INPUT DATA: Begin
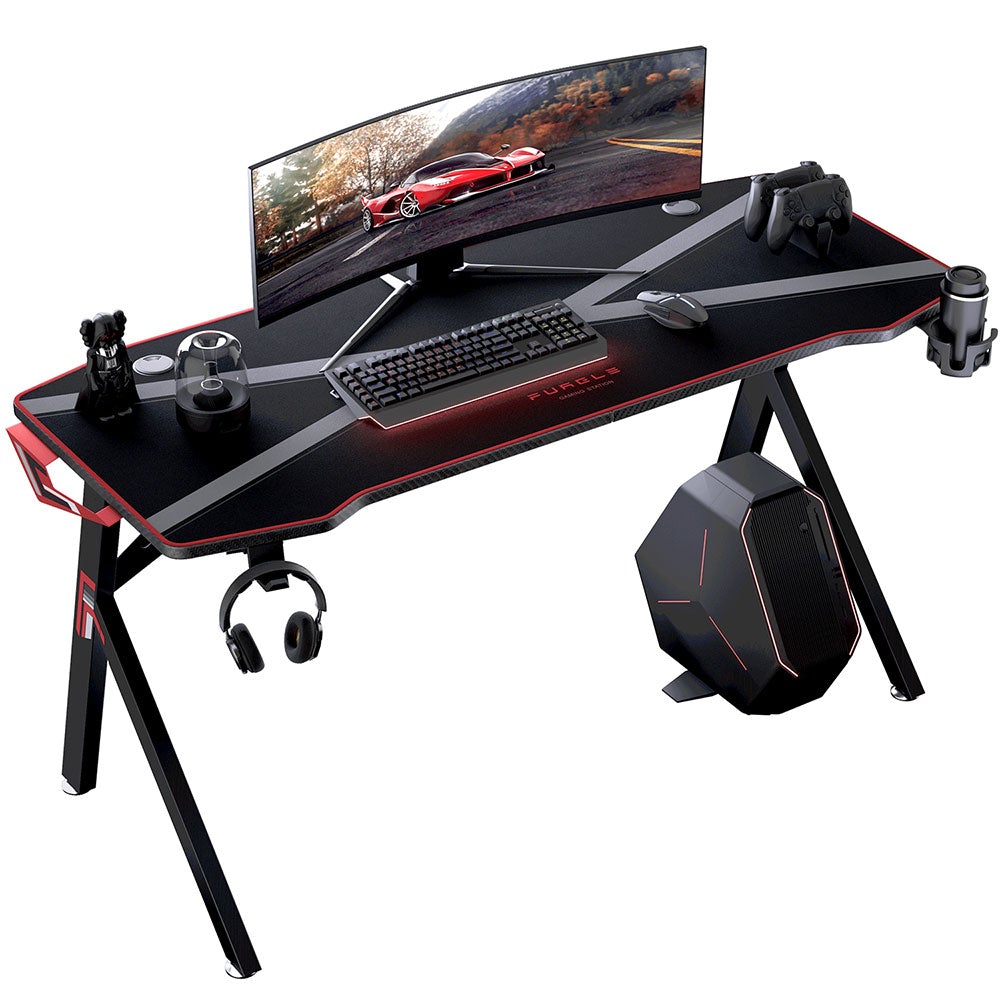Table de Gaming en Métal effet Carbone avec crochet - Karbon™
INPUT DATA: End
INPUT DATA: Begin
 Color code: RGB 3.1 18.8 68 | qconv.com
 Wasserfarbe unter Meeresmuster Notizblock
INPUT DATA: End
INPUT DATA: Begin
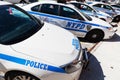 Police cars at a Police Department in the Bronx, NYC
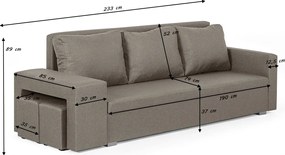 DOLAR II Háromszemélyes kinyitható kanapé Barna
INPUT DATA: End
**ACTIVITY**.
Pictures do not belong in the answer. Return the lines above starting at the one with "Police cars at" and ending at the one with "DOLAR II Háromszemélyes", both kept, exactly.

**ANSWER BELOW**.
 Police cars at a Police Department in the Bronx, NYC
 DOLAR II Háromszemélyes kinyitható kanapé Barna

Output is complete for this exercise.